Additionally, Eureka introduces a novel form of reinforcement learning from human feedback (RLHF), allowing a human operator’s natural language feedback to influence the reward function. This could serve as a “powerful co-pilot” for engineers designing sophisticated motor behaviors for robots, according to an X post by Nvidia AI researcher Fan, who is a listed author on the Eureka research paper. One surprising achievement, Fan says, is that Eureka enabled robots to perform pen-spinning tricks, a skill that is difficult even for CGI artists to animate.

A diagram from the Eureka research team.Enlarge / A diagram from the Eureka research team.

So what does it all mean? In the future, teaching robots new tricks will likely come at accelerated speed thanks to massively parallel simulations, with a little help from AI models that can oversee the training process. The latest work is adjacent to previous experiments using language models to control robots from Microsoft and Google.

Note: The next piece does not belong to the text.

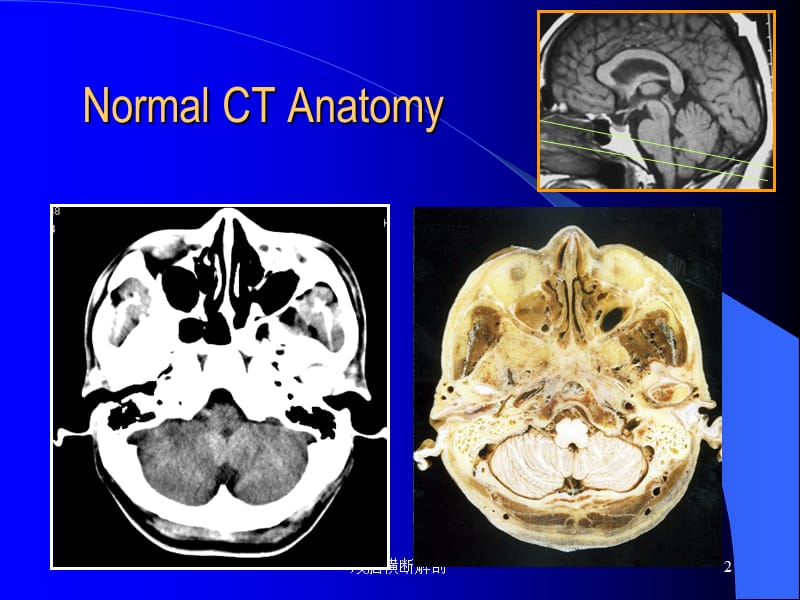 颅脑横断解剖课件.ppt_第2页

On X, Shital Shah, a principal research engineer at Microsoft Research, wrote that the Eureka approach appears to be a key step toward realizing the full potential of reinforcement learning: “The proverbial positive feedback loop of self-improvement might be just around the corner that allows us to go beyond human training data and capabilities.”

The Eureka team has made its research and code base publicly available for further experimentation and for future researchers to build off of. The paper can be accessed on arXiv, and the code is available on GitHub.